The real number in the 5th pyramid is 35. But the number 105 at which we have arrived is exactly three times as great. If, therefore, instead of dividing by 2 we had divided by 2 and also by 3, we should have arrived at a true result in this instance.
The amended rule is therefore— {57}
| Take the number whose tabular number is required, say | n |
|---|---|
| Add 1 to it | n + 1 |
| Add 1 to this | n + 2 |
| Multiply
these three numbers together | n × (n + 1) × (n + 2) |
| Divide by
1 × 2 × 3. The result is | (n(n + 1)(n + 2))/6 |
This rule will, upon trial, be found to give correctly every tabular number.

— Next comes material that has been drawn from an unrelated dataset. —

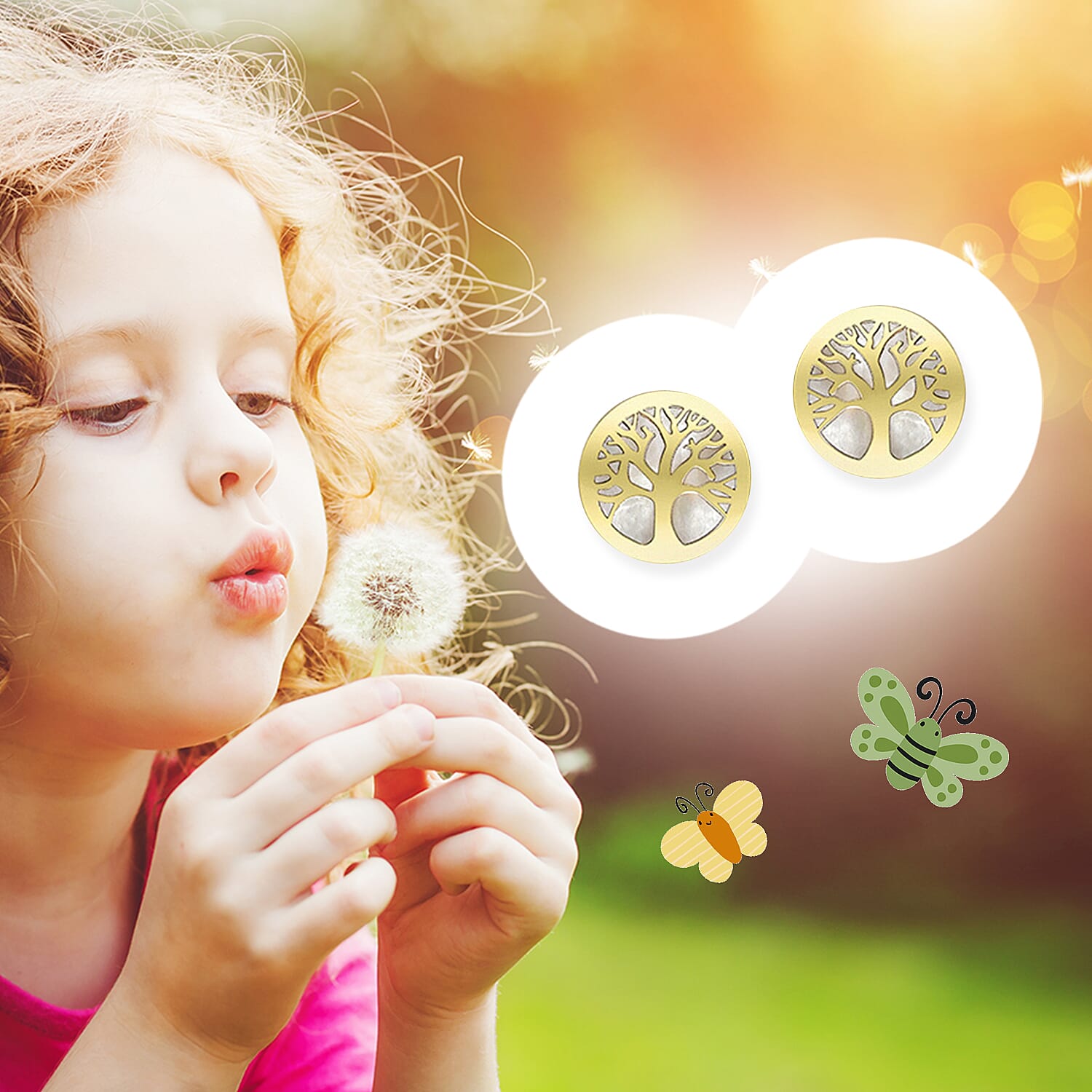 9K Yellow Gold Mother of Pearl Tree-of-Life Stud Earrings (with Push Back)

By similar reasoning we might arrive at the knowledge of the number of cannon balls in square and rectangular pyramids. But it is presumed that enough has been stated to enable the reader to form some general notion of the method of calculating arithmetical Tables by differences which are constant.
〈ASTRONOMICAL TABLES.〉
It may now be stated that mathematicians have discovered that all the Tables most important for practical purposes, such as those relating to Astronomy and Navigation, can, although they may not possess any constant differences, still be calculated in detached portions by that method.

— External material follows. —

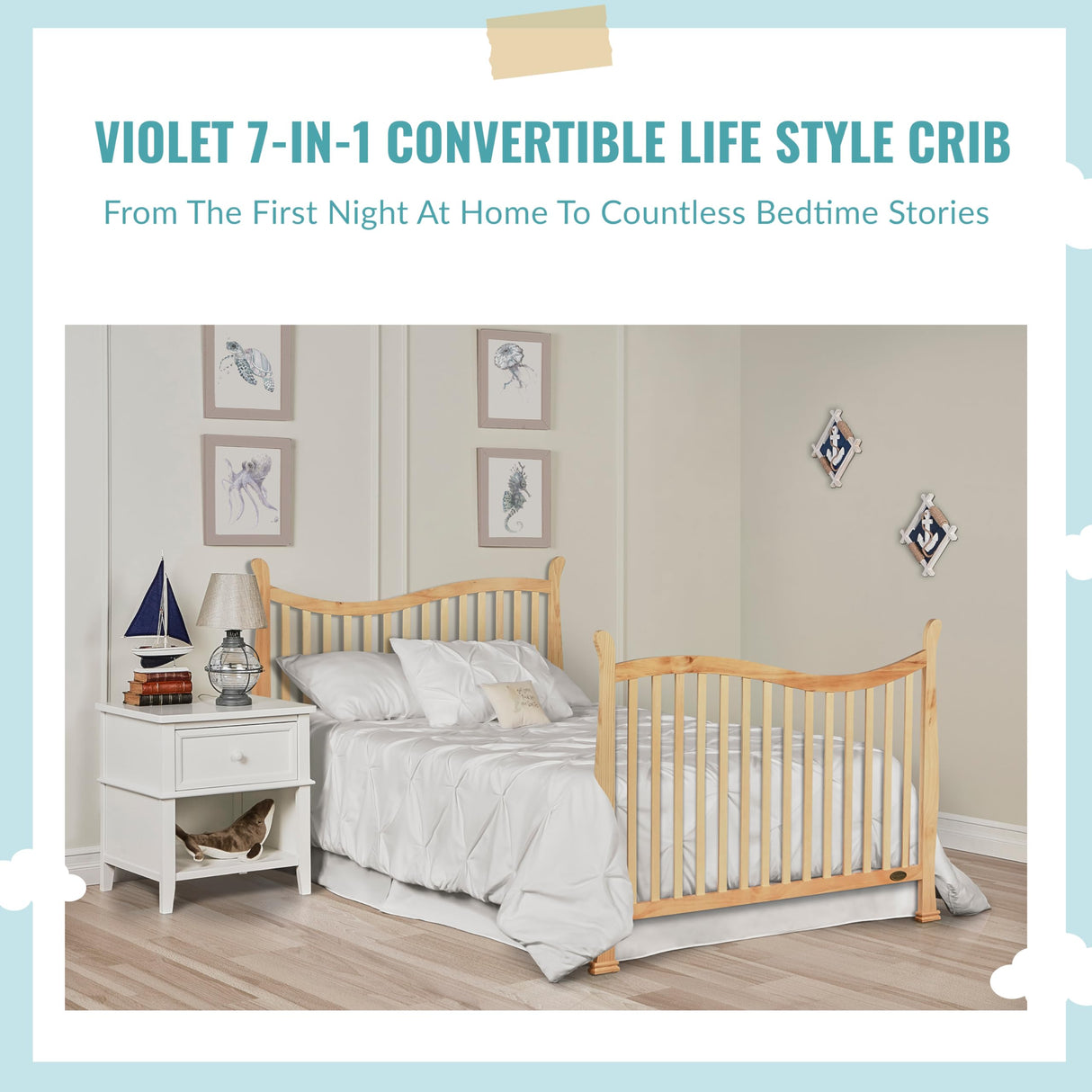 Dream On Me Violet 7-In-1 Convertible Life Style Crib In Natural, Greenguard Gold Certified, 4 Mattress Height Settings, Made Of Sustainable New Dream On Me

Hence the importance of having machinery to calculate by differences, which, if well made, cannot err; and which, if carelessly set, presents in the last term it calculates the power of verification of every antecedent term.

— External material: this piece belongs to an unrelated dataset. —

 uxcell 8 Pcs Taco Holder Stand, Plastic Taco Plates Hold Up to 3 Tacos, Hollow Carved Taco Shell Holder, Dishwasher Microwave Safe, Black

Of the Mechanical Arrangements necessary for computing Tables by the Method of Differences.
From the preceding explanation it appears that all Tables may be calculated, to a greater or less extent, by the method of Differences. That method requires, for its successful {58} execution, little beyond mechanical means of performing the arithmetical operation of Addition. Subtraction can, by the aid of a well-known artifice, be converted into Addition.